If you want to step into the limelight for the first time in your life with a few decent songs, and suddenly the world that previously ignored you is spinning like a carousel gone mad, then a prime-time TV date doesn’t stand out that much in all the confusion. And as this date becomes more and more prominent among all those radio interviews, clothes shopping sessions, pages of contract blahblah, third-class hotel rooms and sanctimonious tartuffs, who wouldn’t have lent you a euro a few months ago, you start to worry. None of us had the faintest idea of all the promotional gimmicks it takes to catch the eye and interest of the public in a sea of competing cheap-Jacks. Landing this gig was a unique opportunity that we couldn’t afford to blow. Did we have stage fright? Yes, we did. During the rehearsals, the three and a half meters from the Japanese wooden chair, where I was condemned to sit by stage directions, to the microphone at the edge of the stage felt like a tightrope walk across the Grand Canyon. And what did we have to offer anyway besides our Norwegian jumpers, which we hated, our iron Eastwestfalian stubbornness, which had led up to this point despite all our self-doubt, and an inexplicably precise intuition for the right decisions? That we were in fact brilliant songwriters with a major hit in our luggage we didn’t know at the time … however, we suspected it.
So there we were, sitting in the dressing room of the ZdF Broadcasting Centre in Mainz, eagerly awaiting our very first television appearance. At some point we were ordered into make-up one after the other and when I finally wanted to go back to our dressing room, all festively painted, I promptly got lost in the maze of corridors in the building.

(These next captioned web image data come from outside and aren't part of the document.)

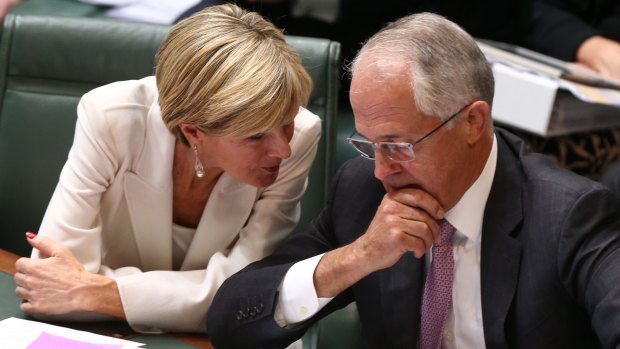 Foreign Affairs minister Julie Bishop and Prime Minister Malcolm Turnbull confer during question time on Monday.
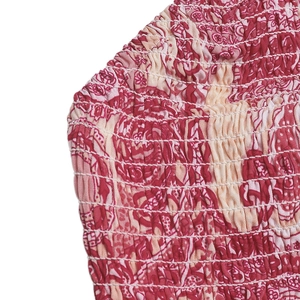 Gros plan sur le tissu élastique smocké d'un ensemble avec motifs bohèmes rouges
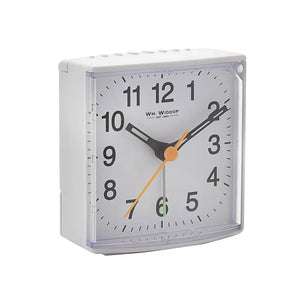 White square alarm clock by Widdop with rounded corners, white face, black numerals, black hour and minute hands, orange second hand, and green 6 marker, featuring sweep movement mechanism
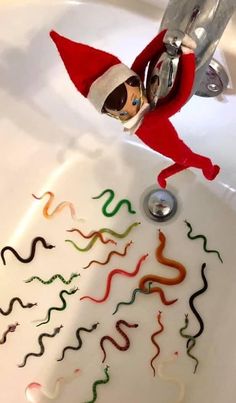 an elf is sitting in the sink with streamers coming out of it and water running from his mouth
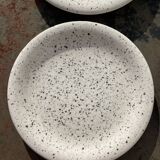 4 black speckled dessert plates on a vintage white background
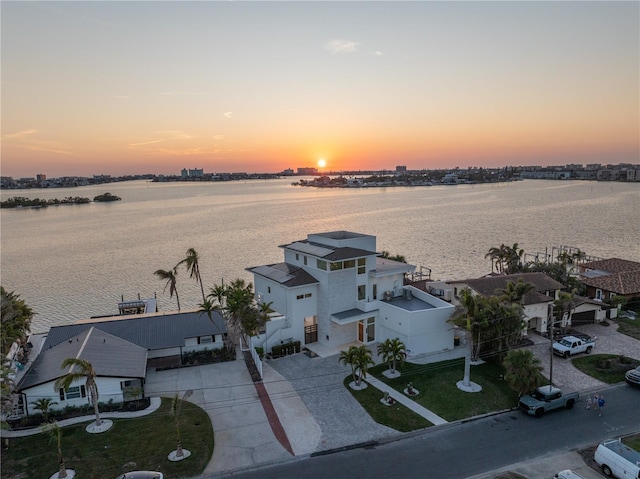 aerial view at dusk with a water view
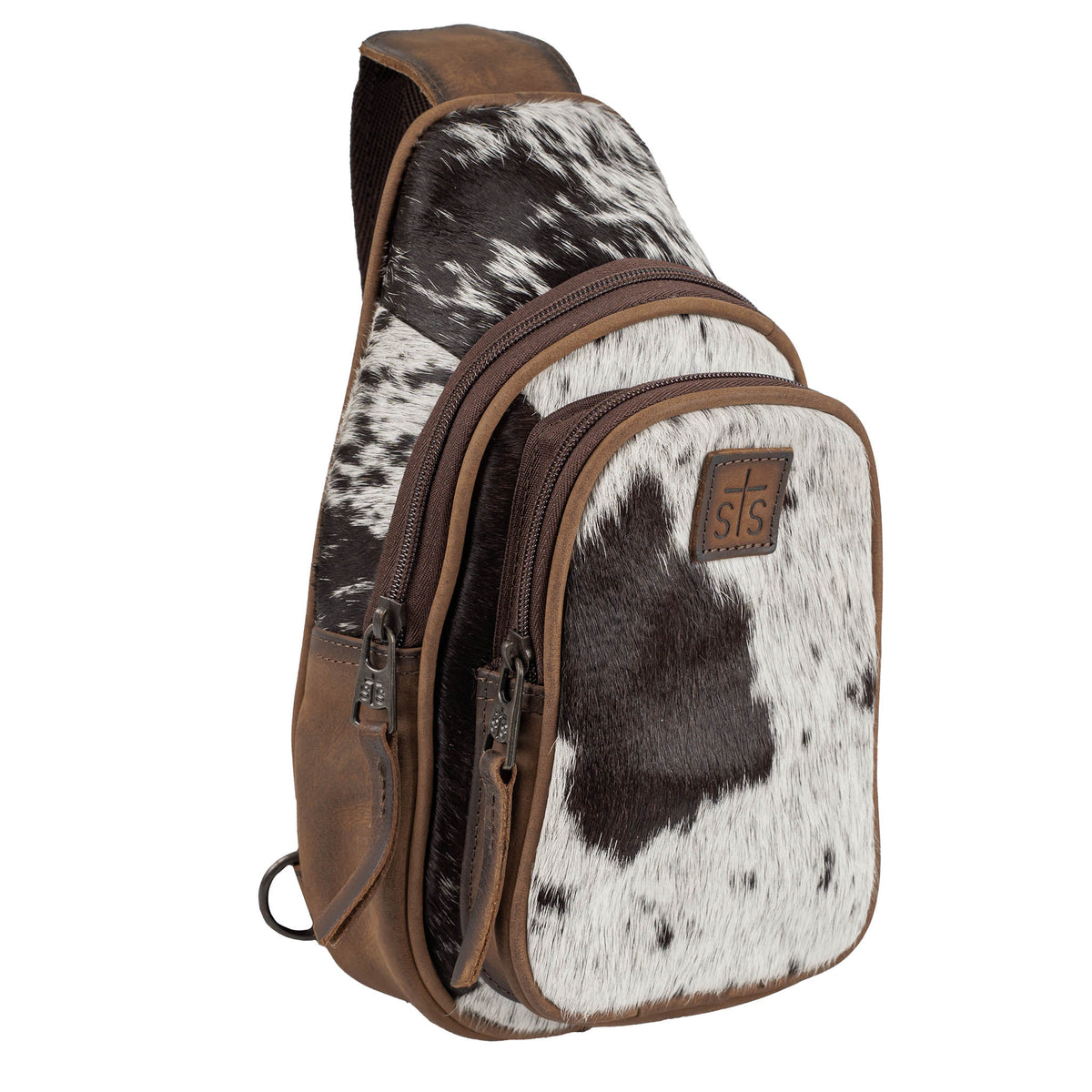 Brown leather sling bag with brown and white cowhide accents and zip closure.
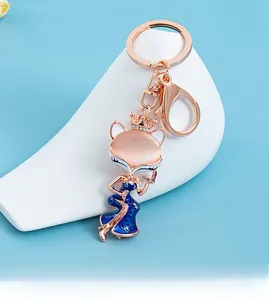 Detail of fox keychain with pink cat eye stone and blue enamel gown decoration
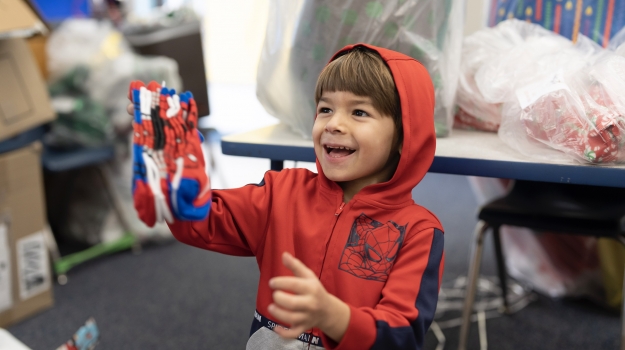 Happy child holding Spiderman socks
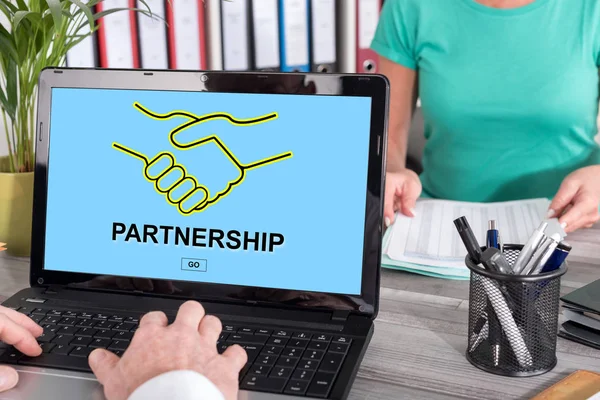 Partnership concept on a laptop — Stock Photo, Image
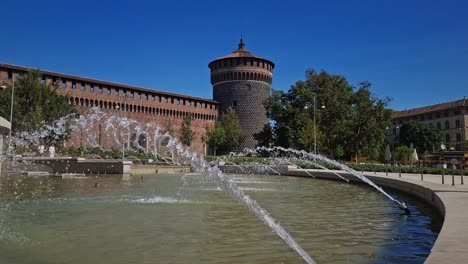 Tourists-walking-past-Fountain-of-Piazza-Castello-in-front-of-Sforza-Castle,-Milan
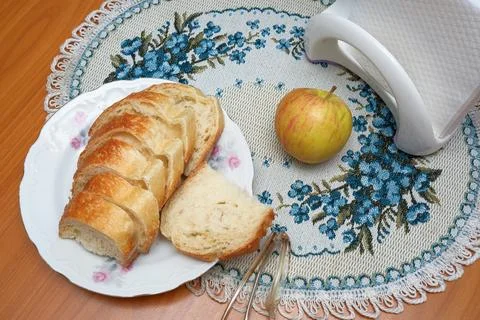Top view of sliced white bread and a red apple on an embroidered tablecloth. Stock Photos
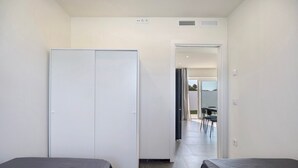 Ein Hotelzimmer mit zwei Betten, einem Kleiderschrank und Blick auf einen Speisesaal.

And suddenly, like an apparition from another world, Joan Baez stood right before me. What I haven’t mentioned yet – the evening’s programme consisted of her, Gazebo, Udo Lindenberg and us greenhorns, a pretty bizarre line-up from today’s perspective, but back then we had other problems, mainly to do with our pullovers, which were miserably itchy. Joan, who at best might have heard of Gazebo, was still able to categorise me correctly. Looking at my woollen outfit, she spread her arms and said in her broadest American accent: “Oh, how sweet, you must be from this German newcomer band. I heard your song during the rehearsal, I really like it.” And with these words she hugged me and gave me a friendly kiss. – What can I say? Joan was an idol to me, a legend of US country and folk music, a veritable political activist, companion to Bob Dylan and a bright star in the rock’n’roll sky of my sleepless nights. Could it be that I had just felt on my cheek the lips that had no doubt already graced sainted Bob on the other side of the Atlantic Ocean? I felt completely flattened and this happiness gave me angel wings as I crossed the Grand Canyon an hour later together with Frank, Bernard and “Big In Japan”.